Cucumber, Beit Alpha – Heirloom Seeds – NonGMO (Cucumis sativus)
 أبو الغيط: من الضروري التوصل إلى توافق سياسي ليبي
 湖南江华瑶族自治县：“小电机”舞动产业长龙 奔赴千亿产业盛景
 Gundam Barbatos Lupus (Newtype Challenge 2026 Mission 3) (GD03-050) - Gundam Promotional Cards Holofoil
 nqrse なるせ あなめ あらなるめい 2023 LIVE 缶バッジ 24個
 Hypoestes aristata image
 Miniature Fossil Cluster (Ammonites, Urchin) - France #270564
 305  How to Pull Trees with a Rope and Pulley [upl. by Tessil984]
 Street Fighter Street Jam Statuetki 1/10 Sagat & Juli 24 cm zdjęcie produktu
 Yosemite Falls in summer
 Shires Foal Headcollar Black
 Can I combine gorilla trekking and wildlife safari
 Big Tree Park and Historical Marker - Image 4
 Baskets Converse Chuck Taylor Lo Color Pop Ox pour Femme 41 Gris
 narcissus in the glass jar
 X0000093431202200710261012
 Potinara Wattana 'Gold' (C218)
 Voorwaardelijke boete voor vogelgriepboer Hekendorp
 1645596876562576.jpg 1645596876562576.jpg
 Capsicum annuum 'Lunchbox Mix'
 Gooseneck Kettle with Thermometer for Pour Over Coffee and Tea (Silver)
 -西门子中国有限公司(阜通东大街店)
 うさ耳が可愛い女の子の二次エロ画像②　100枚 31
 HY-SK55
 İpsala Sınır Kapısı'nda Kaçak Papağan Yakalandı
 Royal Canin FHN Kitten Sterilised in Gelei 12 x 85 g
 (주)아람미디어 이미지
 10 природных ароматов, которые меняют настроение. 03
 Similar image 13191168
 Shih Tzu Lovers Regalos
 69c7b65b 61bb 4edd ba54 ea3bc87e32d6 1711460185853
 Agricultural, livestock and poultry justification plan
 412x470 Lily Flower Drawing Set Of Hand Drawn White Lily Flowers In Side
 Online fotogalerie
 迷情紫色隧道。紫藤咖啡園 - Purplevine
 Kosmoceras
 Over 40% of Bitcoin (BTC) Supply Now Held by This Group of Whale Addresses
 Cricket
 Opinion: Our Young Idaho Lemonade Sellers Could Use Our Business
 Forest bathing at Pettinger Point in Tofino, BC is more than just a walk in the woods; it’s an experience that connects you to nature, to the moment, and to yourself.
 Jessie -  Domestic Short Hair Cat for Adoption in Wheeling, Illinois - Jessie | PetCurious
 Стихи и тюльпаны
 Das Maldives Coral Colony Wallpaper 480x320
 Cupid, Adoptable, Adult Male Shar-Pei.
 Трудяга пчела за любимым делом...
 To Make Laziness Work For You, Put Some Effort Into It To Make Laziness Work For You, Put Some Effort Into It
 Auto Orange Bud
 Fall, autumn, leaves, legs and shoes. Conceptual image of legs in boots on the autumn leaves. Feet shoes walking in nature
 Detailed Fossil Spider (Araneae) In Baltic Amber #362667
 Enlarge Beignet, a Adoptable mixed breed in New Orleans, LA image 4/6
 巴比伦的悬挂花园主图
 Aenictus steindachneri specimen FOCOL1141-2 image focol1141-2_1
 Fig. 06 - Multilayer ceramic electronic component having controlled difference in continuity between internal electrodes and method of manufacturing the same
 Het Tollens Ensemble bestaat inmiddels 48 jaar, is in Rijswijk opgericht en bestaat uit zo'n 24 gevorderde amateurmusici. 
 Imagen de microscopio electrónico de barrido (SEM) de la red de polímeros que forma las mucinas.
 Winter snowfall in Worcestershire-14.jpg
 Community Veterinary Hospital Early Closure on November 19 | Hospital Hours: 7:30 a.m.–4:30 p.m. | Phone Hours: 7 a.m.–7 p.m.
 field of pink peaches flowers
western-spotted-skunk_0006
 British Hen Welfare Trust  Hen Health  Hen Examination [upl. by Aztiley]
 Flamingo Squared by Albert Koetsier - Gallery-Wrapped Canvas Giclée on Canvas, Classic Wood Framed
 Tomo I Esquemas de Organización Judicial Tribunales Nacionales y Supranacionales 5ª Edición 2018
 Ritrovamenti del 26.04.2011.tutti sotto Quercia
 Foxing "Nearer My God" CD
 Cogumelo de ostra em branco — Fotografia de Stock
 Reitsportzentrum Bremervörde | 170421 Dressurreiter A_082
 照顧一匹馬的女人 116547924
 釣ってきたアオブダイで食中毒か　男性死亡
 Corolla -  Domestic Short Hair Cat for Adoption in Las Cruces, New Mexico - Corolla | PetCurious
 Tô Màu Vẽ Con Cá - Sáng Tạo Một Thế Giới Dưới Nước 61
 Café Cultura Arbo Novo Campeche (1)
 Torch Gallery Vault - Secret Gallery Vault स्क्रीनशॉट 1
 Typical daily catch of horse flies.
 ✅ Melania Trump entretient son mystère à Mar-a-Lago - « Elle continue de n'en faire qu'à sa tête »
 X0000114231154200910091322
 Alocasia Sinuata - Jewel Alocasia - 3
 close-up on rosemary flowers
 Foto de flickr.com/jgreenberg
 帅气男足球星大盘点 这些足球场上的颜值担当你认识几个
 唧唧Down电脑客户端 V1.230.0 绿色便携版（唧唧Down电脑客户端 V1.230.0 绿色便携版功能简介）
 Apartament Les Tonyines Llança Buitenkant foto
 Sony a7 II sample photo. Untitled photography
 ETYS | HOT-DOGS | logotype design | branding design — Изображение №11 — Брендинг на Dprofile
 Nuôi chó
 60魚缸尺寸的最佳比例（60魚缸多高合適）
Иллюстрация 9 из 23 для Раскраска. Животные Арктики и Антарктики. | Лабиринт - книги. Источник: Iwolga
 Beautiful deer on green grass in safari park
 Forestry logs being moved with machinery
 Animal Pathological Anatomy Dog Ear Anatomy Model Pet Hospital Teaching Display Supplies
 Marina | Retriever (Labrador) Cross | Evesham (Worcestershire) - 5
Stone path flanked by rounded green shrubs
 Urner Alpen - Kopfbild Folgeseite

◇ ◇ ◇ ◇ ◇

▶ [REQUIRED WORK] Tally the lines of the records above that contain the word "Short". Give only the total.

▶ [RESULT BELOW] 2